▸ What this task involves:
Please copy, exactly and with no pictures, only the lines from the one containing "this 1372×889 image." through the last line of the records.

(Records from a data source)

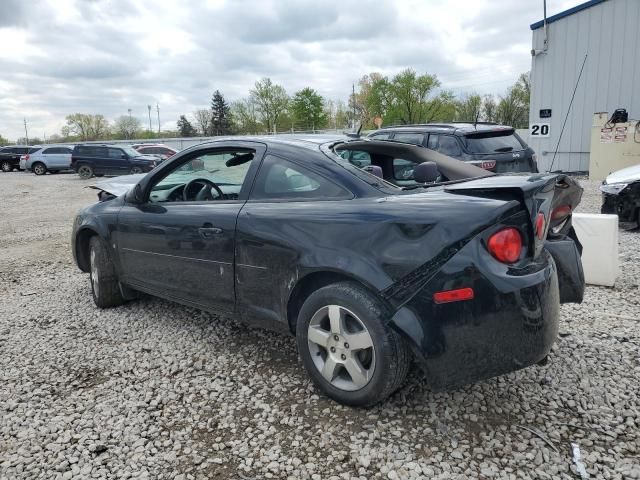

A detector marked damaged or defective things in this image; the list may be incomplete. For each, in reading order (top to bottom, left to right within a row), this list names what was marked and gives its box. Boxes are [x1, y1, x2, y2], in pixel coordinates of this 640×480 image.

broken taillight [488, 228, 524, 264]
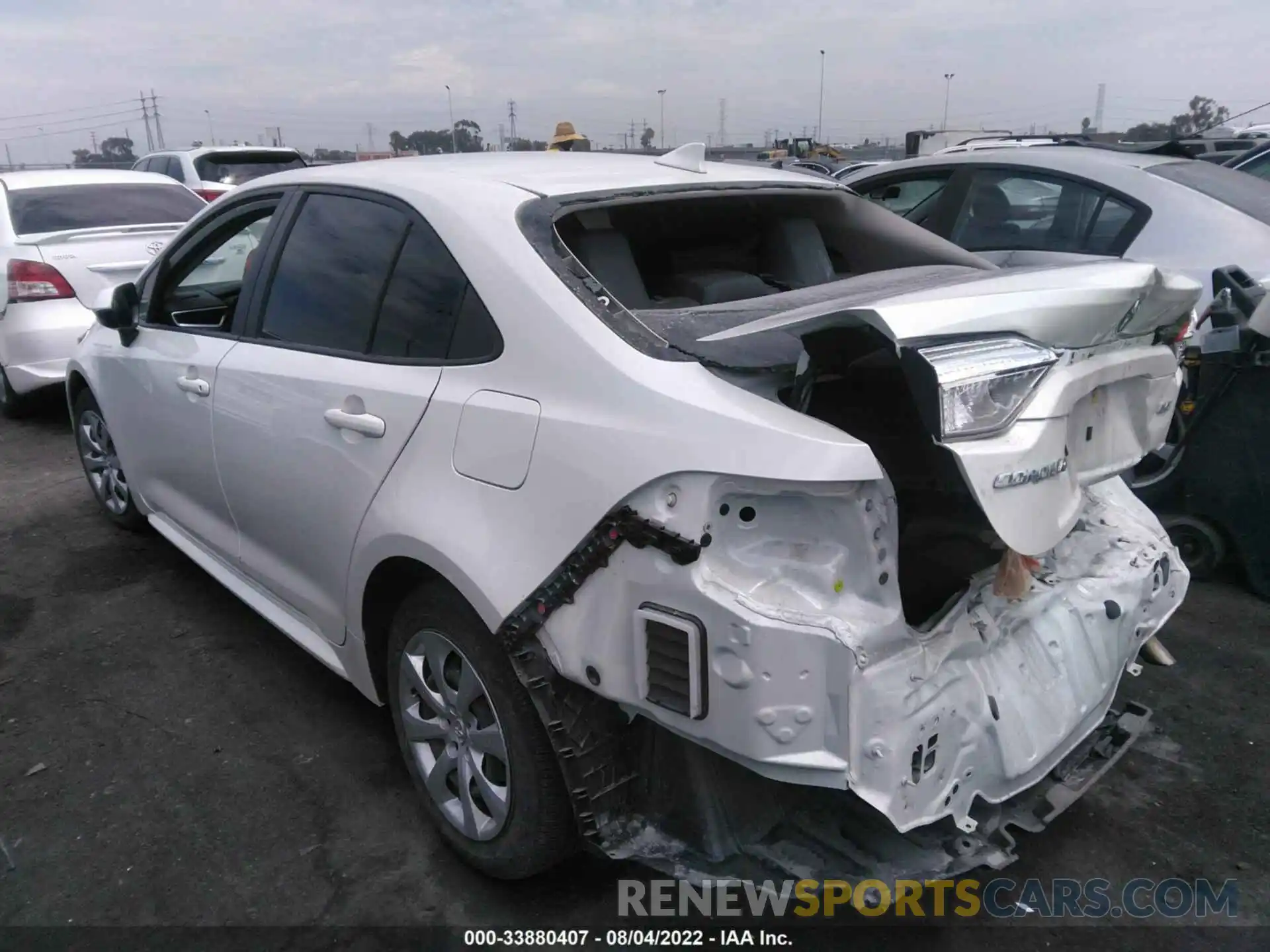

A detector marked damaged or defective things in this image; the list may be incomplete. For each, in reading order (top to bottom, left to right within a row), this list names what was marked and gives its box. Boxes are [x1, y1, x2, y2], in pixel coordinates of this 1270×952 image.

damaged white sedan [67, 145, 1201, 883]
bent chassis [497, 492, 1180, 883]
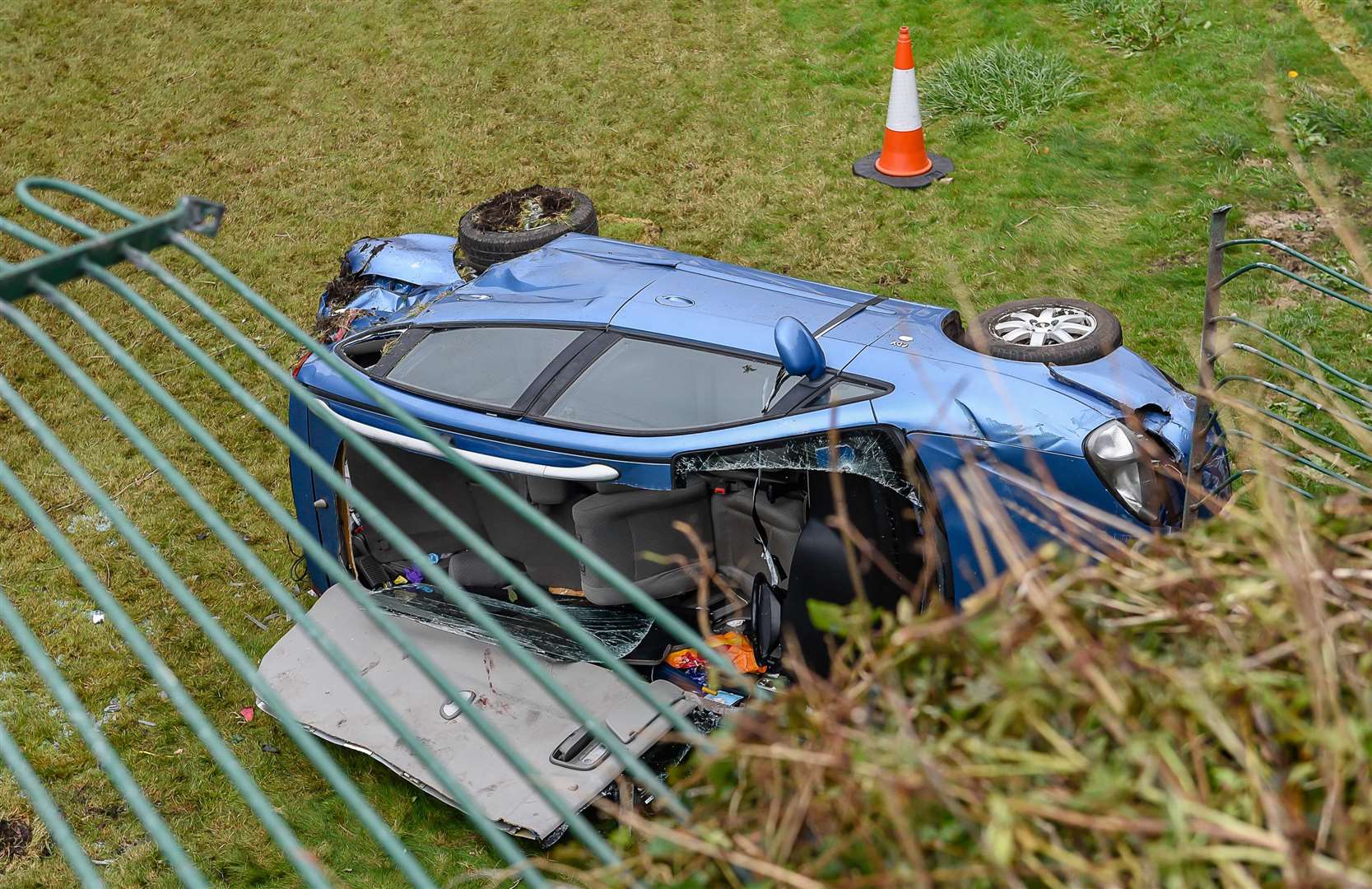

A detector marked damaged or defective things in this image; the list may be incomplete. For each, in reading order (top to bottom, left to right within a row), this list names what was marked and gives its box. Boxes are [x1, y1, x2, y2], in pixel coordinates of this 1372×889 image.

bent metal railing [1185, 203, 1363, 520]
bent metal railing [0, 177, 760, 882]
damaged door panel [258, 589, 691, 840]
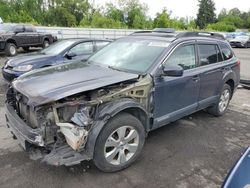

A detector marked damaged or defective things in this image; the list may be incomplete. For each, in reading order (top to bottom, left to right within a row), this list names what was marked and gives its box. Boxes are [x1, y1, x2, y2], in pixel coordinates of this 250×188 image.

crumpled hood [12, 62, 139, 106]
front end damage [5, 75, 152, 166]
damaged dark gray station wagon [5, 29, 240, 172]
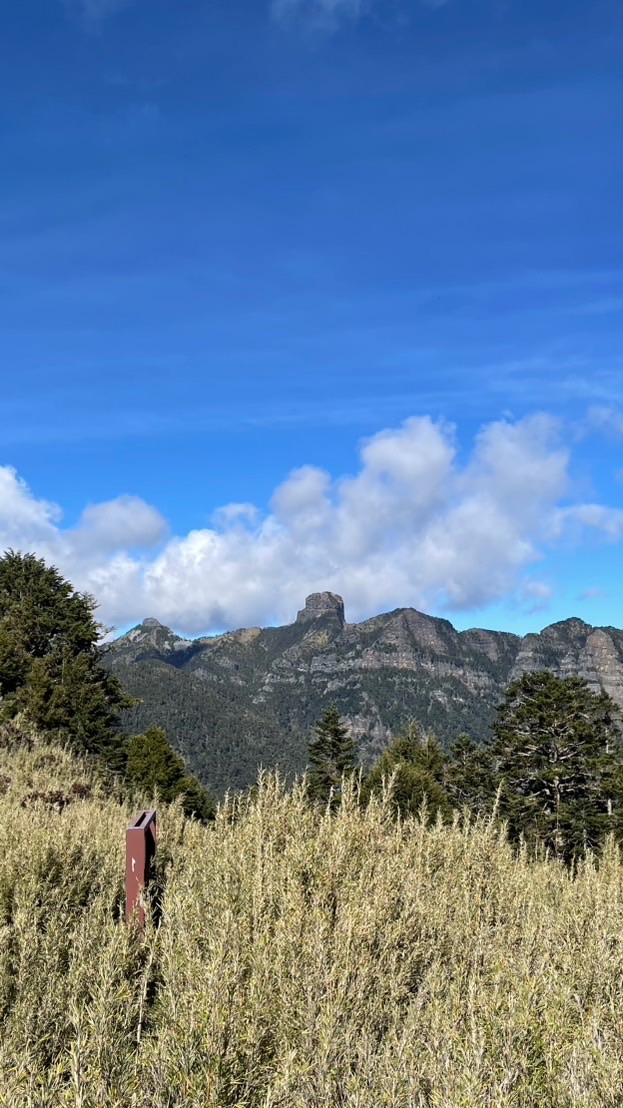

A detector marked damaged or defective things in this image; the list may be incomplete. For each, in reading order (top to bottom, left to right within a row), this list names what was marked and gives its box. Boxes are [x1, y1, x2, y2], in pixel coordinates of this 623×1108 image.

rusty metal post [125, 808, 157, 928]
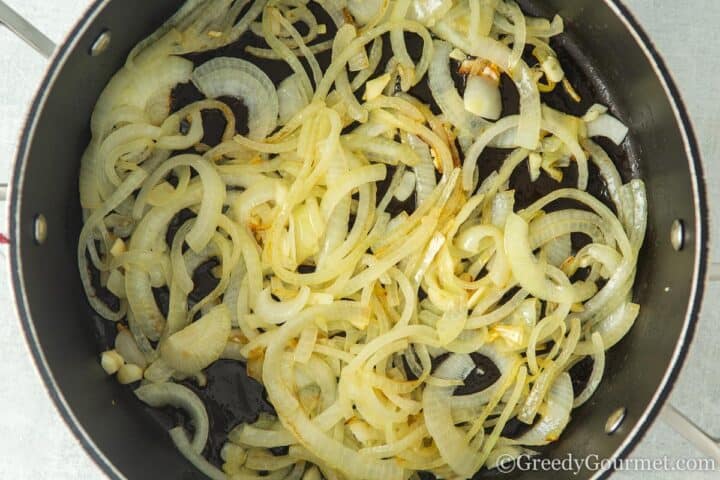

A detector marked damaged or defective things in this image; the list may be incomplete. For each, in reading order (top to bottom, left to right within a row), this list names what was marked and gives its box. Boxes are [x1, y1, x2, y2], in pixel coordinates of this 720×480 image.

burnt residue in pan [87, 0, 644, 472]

▸ Solution to this exercise:
A detector marked damaged or defective things in this image; the list may be incomplete. For each, in reading order (top to bottom, left to right within a row), this list names what was marked and gives its box. Boxes are [x1, y1, x2, y2], in pixel coordinates of this 1372×889 image.

bent metal railing [1185, 203, 1363, 520]
bent metal railing [0, 177, 760, 882]
damaged door panel [258, 589, 691, 840]

A detector marked damaged or defective things in this image; the list may be incomplete. For each, in reading order (top to bottom, left to right within a row), this list names what was marked and gives its box. Boxes are [x1, y1, x2, y2], in pixel coordinates of this 250×188 image.

crumpled hood [12, 62, 139, 106]
front end damage [5, 75, 152, 166]
damaged dark gray station wagon [5, 29, 240, 172]

A detector marked damaged or defective things in this image; the list may be incomplete. For each, in reading order (top to bottom, left to right within a row), this list names what was marked and gives its box. Boxes are [x1, y1, x2, y2], in pixel coordinates of this 623×1108 image.

rusty metal post [125, 808, 157, 928]

A detector marked damaged or defective things in this image; the list may be incomplete. For each, in reading order (top to bottom, left to right within a row), this list names what was marked and gives its box. Boxes are [x1, y1, x2, y2], in pixel coordinates of this 720×480 image.

burnt residue in pan [87, 0, 644, 472]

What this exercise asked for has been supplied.